À l'occasion du dixième anniversaire du référendum sur le Brexit, une enquête d'opinion menée par le Conseil européen pour les relations internationales (ECFR) et dévoilée le 21 juin dresse un constat frappant : les deux tiers des personnes interrogées dans quinze États membres de l'Union européenne se déclarent favorables à un retour du Royaume-Uni au sein de l'Union. Ce chiffre atteint 75 % aux Pays-Bas et au Danemark, tandis que la France et l'Italie enregistrent un taux de 59 %, et la Bulgarie le score le plus bas avec 56 %.

L'extrême droite européenne séduite par l'idée

L'étude met en lumière un paradoxe : les électorats des partis d'extrême droite, souvent associés à une défiance envers Bruxelles, ne rejettent pas la perspective d'une réadhésion britannique. Les sympathisants du Parti populaire danois seraient ainsi 57 % à accueillir positivement un tel scénario. Du côté allemand, 58 % des électeurs de l'Alternative pour l'Allemagne partagent cet avis, tout comme 58 % des soutiens du Rassemblement national en France. En Pologne, la proportion atteint 71 % parmi les électeurs de l'Alliance Confédération.

Des négociations en cours, mais un chemin semé d'embûches

Depuis plusieurs mois, le gouvernement britannique tente de renégocier certains accords avec l'Union européenne, un mouvement encouragé par un constat d'échec économique et politique du Brexit ressenti par une partie croissante de la population britannique. Toutefois, la perspective d'une réintégration complète demeure, selon plusieurs observateurs, peu probable à court terme. Le Royaume-Uni reste attaché à son indépendance et rechigne à se soumettre à l'ensemble des normes communautaires. Des partenariats ciblés, notamment en matière de défense et de sécurité, pourraient constituer une alternative pragmatique, dans laquelle l'Union européenne trouverait un intérêt stratégique face aux grandes puissances mondiales.
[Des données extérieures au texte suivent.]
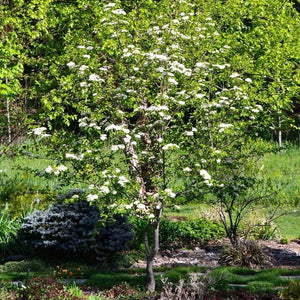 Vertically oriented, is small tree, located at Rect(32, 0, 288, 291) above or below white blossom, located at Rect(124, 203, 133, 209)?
above

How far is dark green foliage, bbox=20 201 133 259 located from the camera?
346 inches

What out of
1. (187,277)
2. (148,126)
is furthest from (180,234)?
(148,126)

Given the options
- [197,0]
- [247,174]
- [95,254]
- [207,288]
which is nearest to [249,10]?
[197,0]

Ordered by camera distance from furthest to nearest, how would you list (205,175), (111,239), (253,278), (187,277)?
(111,239), (187,277), (253,278), (205,175)

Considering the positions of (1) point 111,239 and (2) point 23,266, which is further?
(1) point 111,239

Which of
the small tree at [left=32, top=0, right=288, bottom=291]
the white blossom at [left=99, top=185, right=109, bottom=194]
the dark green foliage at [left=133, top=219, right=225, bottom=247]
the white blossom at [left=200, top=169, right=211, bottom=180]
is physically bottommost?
the dark green foliage at [left=133, top=219, right=225, bottom=247]

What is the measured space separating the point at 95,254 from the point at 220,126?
13.2 feet

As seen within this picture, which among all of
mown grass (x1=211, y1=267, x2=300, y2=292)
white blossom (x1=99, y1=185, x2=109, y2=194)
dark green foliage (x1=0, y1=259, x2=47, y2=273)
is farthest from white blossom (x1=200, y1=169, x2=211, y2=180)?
dark green foliage (x1=0, y1=259, x2=47, y2=273)

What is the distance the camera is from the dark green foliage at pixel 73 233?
28.8 feet

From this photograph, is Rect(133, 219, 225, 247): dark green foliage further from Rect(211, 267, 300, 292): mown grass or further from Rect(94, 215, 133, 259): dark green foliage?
Rect(211, 267, 300, 292): mown grass

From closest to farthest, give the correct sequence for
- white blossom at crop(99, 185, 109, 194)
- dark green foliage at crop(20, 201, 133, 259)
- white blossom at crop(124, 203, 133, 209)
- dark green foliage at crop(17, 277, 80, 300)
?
dark green foliage at crop(17, 277, 80, 300) < white blossom at crop(99, 185, 109, 194) < white blossom at crop(124, 203, 133, 209) < dark green foliage at crop(20, 201, 133, 259)

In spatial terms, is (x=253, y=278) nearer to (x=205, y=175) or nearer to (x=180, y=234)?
(x=205, y=175)

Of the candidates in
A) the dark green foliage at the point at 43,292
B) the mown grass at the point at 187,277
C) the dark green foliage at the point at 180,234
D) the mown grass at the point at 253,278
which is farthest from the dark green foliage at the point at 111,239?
the dark green foliage at the point at 43,292

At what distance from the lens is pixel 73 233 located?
29.0ft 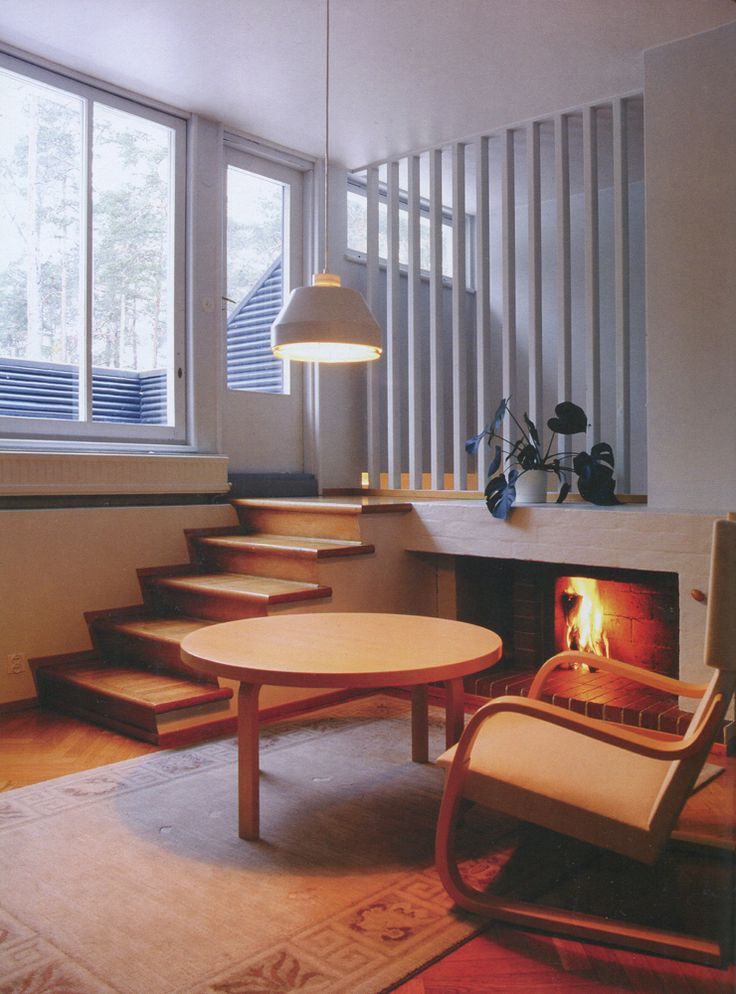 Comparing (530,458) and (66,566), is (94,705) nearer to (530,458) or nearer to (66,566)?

Un héritage géographique et politique indélébile

Pour certains universitaires, le retour du Royaume-Uni dans l'UE serait un prolongement logique de son appartenance géographique et historique au continent européen. La construction européenne, fondée sur l'idée d'un destin commun, pourrait bénéficier de la réintégration de ce partenaire de poids. Cependant, les Vingt-Sept restent divisés sur les modalités d'un éventuel rapprochement, tandis que Londres cherche à définir une nouvelle relation avec ses voisins, sans pour autant renier les résultats du référendum de 2016.